Были тому причины и объективные. Федин, подобно другим писателям, начинавшим в 20‑е годы, был поначалу внутренне раскрепощён, и естественно, что гражданское чувство приводило его к сатирическому пафосу отрицания, а художественные поиски — к попыткам освоения различных жанров. Последующие десятилетия смеяться отучали. Забегая вперёд, скажем, что и Платонов уже не писал в жанре сатиры. Ильф и Петров до смерти Ильфа после двух блестящих сатирических книг успели написать книгу об Америке, и даже Зощенко стал искать себя совсем в иной области, что, впрочем, не уберегло его от верховного гнева.
«Наровчатская хроника» воспринималась при появлении в естественном ряду других произведений. Российский быт, российская глухомань — и революция, столкновение этих двух сил вызвало к жизни многие страницы творчества Л. Леонова, Б. Пильняка, В. Шишкова, В. Иванова.

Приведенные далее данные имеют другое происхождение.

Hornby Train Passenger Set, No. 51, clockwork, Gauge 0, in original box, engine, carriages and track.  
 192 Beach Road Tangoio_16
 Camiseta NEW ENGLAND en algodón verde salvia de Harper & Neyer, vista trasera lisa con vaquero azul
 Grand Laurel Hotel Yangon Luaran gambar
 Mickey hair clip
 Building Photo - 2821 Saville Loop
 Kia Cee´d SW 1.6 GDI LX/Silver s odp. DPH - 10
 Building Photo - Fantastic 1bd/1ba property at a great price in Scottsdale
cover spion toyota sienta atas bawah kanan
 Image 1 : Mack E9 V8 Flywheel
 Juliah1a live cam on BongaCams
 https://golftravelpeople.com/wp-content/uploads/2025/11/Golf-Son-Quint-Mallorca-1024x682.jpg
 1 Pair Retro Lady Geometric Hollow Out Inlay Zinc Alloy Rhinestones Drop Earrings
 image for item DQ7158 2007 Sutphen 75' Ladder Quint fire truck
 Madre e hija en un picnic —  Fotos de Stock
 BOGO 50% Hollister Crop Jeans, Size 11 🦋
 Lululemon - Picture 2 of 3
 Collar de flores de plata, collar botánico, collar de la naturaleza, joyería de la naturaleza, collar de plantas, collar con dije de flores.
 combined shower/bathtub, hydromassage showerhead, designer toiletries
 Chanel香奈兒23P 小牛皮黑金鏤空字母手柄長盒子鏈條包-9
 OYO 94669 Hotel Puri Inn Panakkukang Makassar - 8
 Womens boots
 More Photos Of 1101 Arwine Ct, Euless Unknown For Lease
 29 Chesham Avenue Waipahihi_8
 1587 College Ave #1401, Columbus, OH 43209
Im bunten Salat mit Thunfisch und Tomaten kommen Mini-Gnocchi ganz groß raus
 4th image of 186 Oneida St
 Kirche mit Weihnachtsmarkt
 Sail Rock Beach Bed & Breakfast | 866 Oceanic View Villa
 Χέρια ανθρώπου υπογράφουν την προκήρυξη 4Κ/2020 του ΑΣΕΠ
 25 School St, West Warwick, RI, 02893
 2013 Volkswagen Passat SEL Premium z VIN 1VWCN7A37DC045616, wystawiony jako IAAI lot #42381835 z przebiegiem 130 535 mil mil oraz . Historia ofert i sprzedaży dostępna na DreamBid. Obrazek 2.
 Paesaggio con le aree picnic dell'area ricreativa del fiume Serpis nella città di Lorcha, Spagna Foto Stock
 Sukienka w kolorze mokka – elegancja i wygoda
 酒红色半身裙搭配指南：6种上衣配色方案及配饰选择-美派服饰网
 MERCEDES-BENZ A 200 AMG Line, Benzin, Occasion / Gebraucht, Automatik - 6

Стилизованная форма записок персонажа также характерна для молодых писателей тех лет, настойчиво искавших стиля на различных лексических и интонационных путях. Так называемая орнаментальная проза вела родословную от Лескова, подправленного, увы, не лучшим образом, Замятиным и Ремизовым.
Читая «Наровчатскую хронику», нельзя не задуматься, насколько близко к достижениям русского реализма зачиналась послереволюционная литература, как много она обещала. Ведь начинающие, в сущности, писатели легко, а то и победно выдерживают сравнение с маститыми собратьями. Разве скажешь, что мастерство Леонова, Федина, Зощенко уступает мастерству Алексея Толстого, Замятина, Пришвина, других известных ещё до революции писателей?
Что же касается жизненных реалий, затронутых в повести, то и здесь писатель на высоте. Изящно проведёт он читателя по анекдотическим ситуациям, вроде поглощения странного «молока», оказавшегося разбавленным одеколоном, или же расшития монашками красного знамени надписью: «Мы свой, мы новый мир построим!»